Melchinger was born as the son of the Chief Postal Inspector August Melchinger and his wife Gerda (née Keyn). He attended the Eberhard-Ludwigs-Gymnasium Stuttgart . After graduating from school in the spring of 1924, he studied German and classical philology in Munich and Tübingen , with Heinrich Wölfflin , Franz Muncker and Johannes Mewaldt , among others . In 1927 he received his doctorate in Tübingen under Hermann Schneider on the fight of the storm and urge against the drama of the Enlightenment . After graduating, he worked as a theater critic and editor in Frankfurt am Main , Stuttgart , Berlin , Munich and Vienna. As head of department of the Frankfurter General-Anzeiger , he interpreted the cultural events in the National Socialist sense. In November 1938 he took part in a tour of the Städtische Bühnen Frankfurt am Main to the Balkans as a correspondent for the Völkischer Beobachter . In December 1938, after the November pogrom, he wrote in an anti-Semitic text on Elisabeth Bergner , which only came to the public posthumously in the early 1990s: "The senseless overestimation of her acting is a symptom of Jewish rule. This was where systemic Judaism set the tone Idol found. "

Released from military service due to illness, he wrote as a theater critic for the Neue Wiener Tagblatt until 1948 . Melchinger was then chief dramaturge and deputy director of the Josefstadt theater in Vienna until 1950 . As early as 1946 he published under the pseudonym Ulrich Keyn, among others about Rainer Maria Rilke. In the early 1950s he worked as a journalist in Munich.
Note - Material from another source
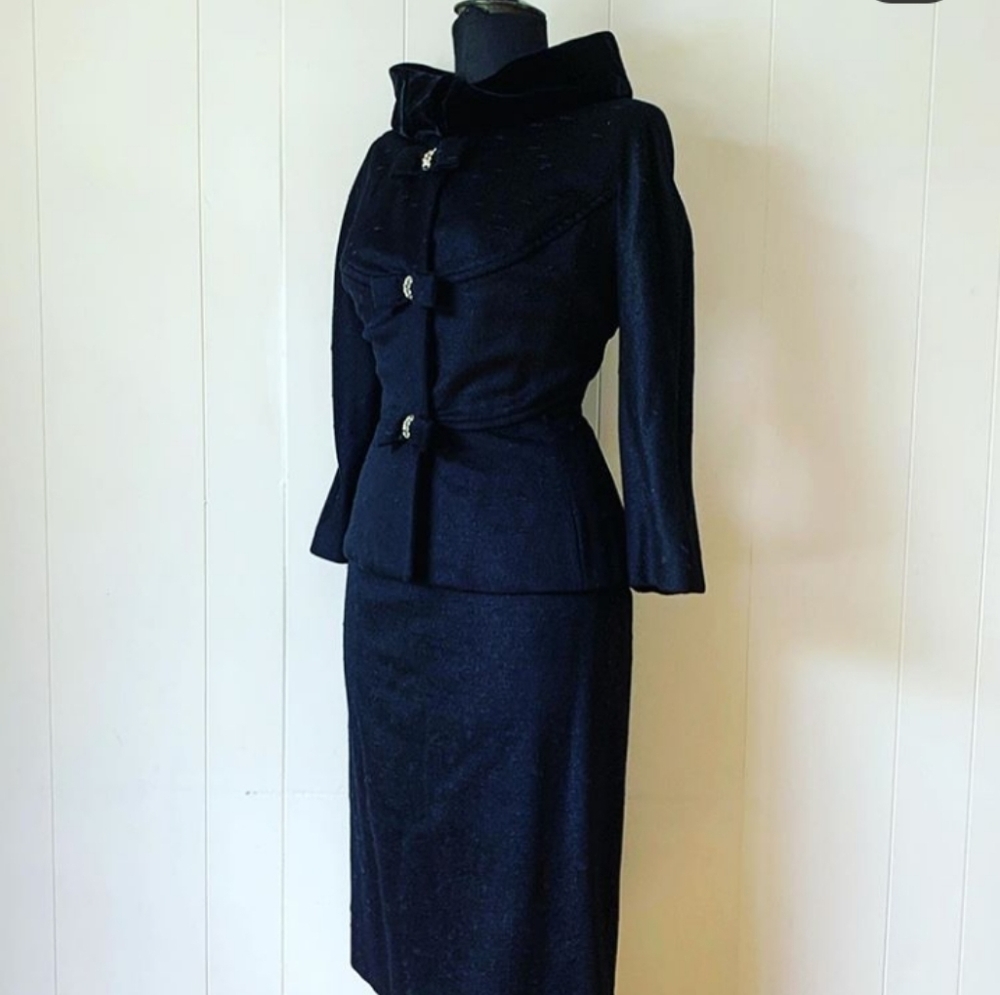Rare vintage 1950s volup Lilli Ann cashmere suit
From 1953 to 1962 he headed the features section of the Stuttgarter Zeitung . 1963 followed a professorship for theater theory at the State University for Music and Performing Arts Stuttgart . In 1963 he became co-editor of the magazine Theater heute and was considered one of the most influential theater critics in Germany.

Even after his retirement in 1973, as in his History of Political Theater (1971), he dealt with the theory of critical theater. In Das Theater der Tragödie (1974) Melchinger reconstructs the theatrical context of the plays by Aeschylus , Euripides and Sophocles .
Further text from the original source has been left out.